[EXERCISE BRIEF] Each entry that follows is to be duplicated exactly, without its images.
---- EXTRACTED ENTRIES
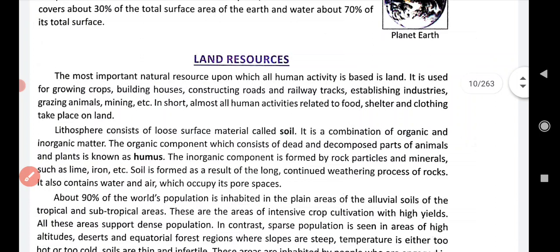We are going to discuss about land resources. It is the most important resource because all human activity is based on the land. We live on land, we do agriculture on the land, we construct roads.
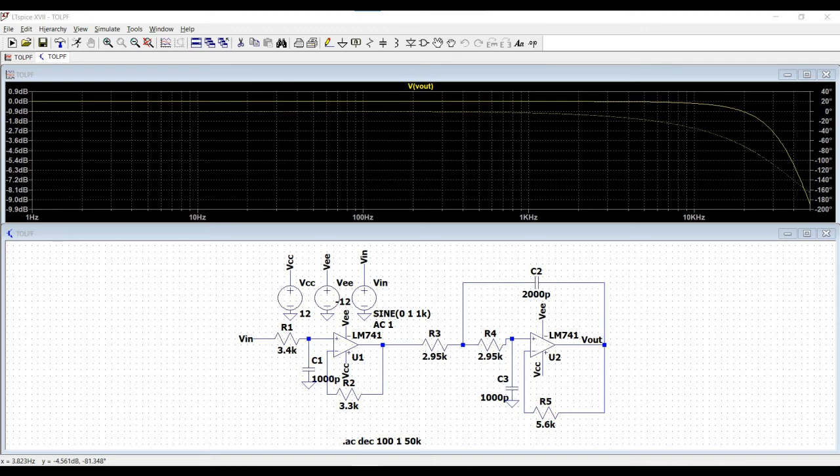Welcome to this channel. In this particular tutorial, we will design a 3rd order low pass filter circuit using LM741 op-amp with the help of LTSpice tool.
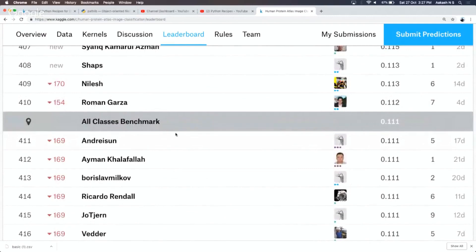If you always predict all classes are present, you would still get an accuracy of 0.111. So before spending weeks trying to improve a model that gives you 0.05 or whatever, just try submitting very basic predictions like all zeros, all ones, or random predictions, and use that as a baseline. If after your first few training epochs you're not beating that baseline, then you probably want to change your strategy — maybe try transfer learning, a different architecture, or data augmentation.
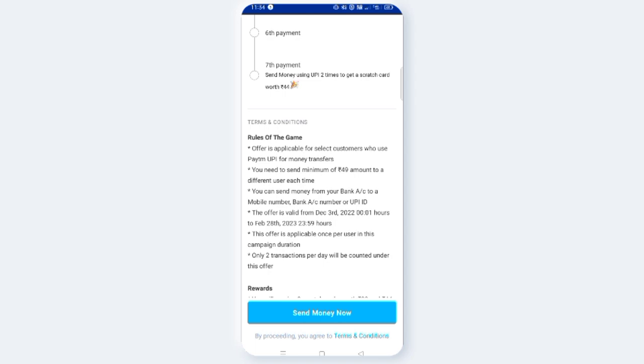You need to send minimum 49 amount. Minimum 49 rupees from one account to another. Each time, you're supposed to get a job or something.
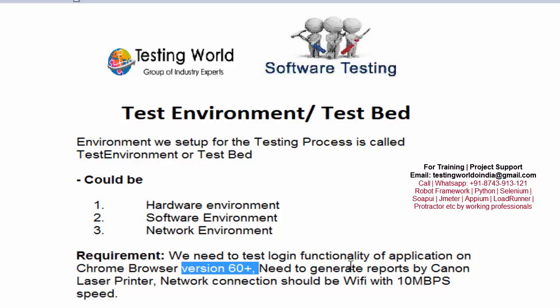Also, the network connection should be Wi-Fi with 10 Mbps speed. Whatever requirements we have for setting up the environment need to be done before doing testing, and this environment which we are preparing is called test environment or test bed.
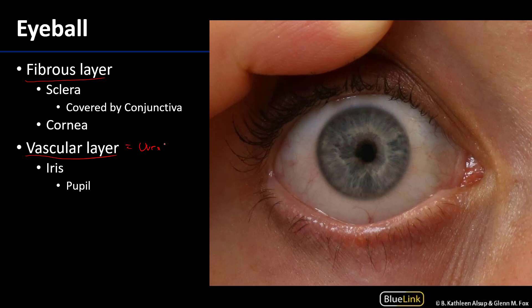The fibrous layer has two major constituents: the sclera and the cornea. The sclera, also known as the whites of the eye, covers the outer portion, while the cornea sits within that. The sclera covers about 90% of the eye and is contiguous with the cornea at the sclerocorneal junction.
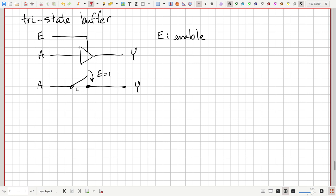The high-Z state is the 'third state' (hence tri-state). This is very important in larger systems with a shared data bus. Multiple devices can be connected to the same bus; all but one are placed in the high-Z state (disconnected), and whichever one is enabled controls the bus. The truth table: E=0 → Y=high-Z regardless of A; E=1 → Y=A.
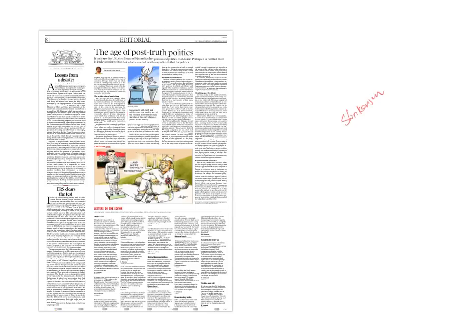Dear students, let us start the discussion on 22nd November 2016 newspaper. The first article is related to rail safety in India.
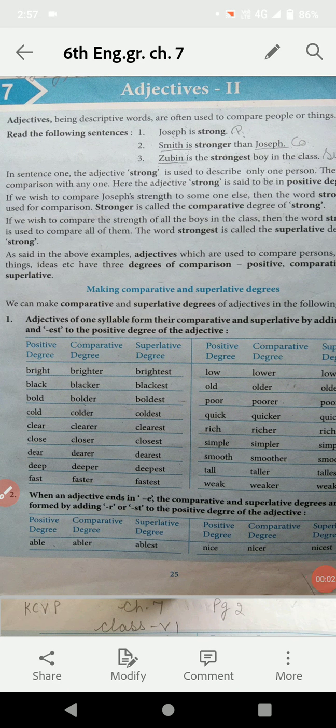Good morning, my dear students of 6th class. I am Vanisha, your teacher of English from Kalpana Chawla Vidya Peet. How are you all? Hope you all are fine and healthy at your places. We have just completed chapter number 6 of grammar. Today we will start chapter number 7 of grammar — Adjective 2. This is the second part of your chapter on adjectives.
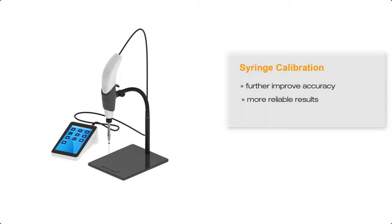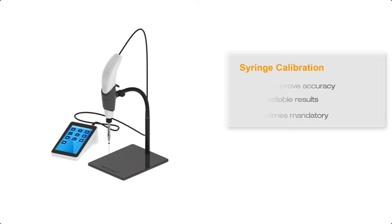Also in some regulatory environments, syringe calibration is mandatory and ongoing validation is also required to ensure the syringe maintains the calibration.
--------
[ANSWER SECTION]
We are going to discuss about land resources. It is the most important resource because all human activity is based on the land. We live on land, we do agriculture on the land, we construct roads.
Welcome to this channel. In this particular tutorial, we will design a 3rd order low pass filter circuit using LM741 op-amp with the help of LTSpice tool.
If you always predict all classes are present, you would still get an accuracy of 0.111. So before spending weeks trying to improve a model that gives you 0.05 or whatever, just try submitting very basic predictions like all zeros, all ones, or random predictions, and use that as a baseline. If after your first few training epochs you're not beating that baseline, then you probably want to change your strategy — maybe try transfer learning, a different architecture, or data augmentation.
You need to send minimum 49 amount. Minimum 49 rupees from one account to another. Each time, you're supposed to get a job or something.
Also, the network connection should be Wi-Fi with 10 Mbps speed. Whatever requirements we have for setting up the environment need to be done before doing testing, and this environment which we are preparing is called test environment or test bed.
The fibrous layer has two major constituents: the sclera and the cornea. The sclera, also known as the whites of the eye, covers the outer portion, while the cornea sits within that. The sclera covers about 90% of the eye and is contiguous with the cornea at the sclerocorneal junction.
The high-Z state is the 'third state' (hence tri-state). This is very important in larger systems with a shared data bus. Multiple devices can be connected to the same bus; all but one are placed in the high-Z state (disconnected), and whichever one is enabled controls the bus. The truth table: E=0 → Y=high-Z regardless of A; E=1 → Y=A.
Dear students, let us start the discussion on 22nd November 2016 newspaper. The first article is related to rail safety in India.
Good morning, my dear students of 6th class. I am Vanisha, your teacher of English from Kalpana Chawla Vidya Peet. How are you all? Hope you all are fine and healthy at your places. We have just completed chapter number 6 of grammar. Today we will start chapter number 7 of grammar — Adjective 2. This is the second part of your chapter on adjectives.
Also in some regulatory environments, syringe calibration is mandatory and ongoing validation is also required to ensure the syringe maintains the calibration.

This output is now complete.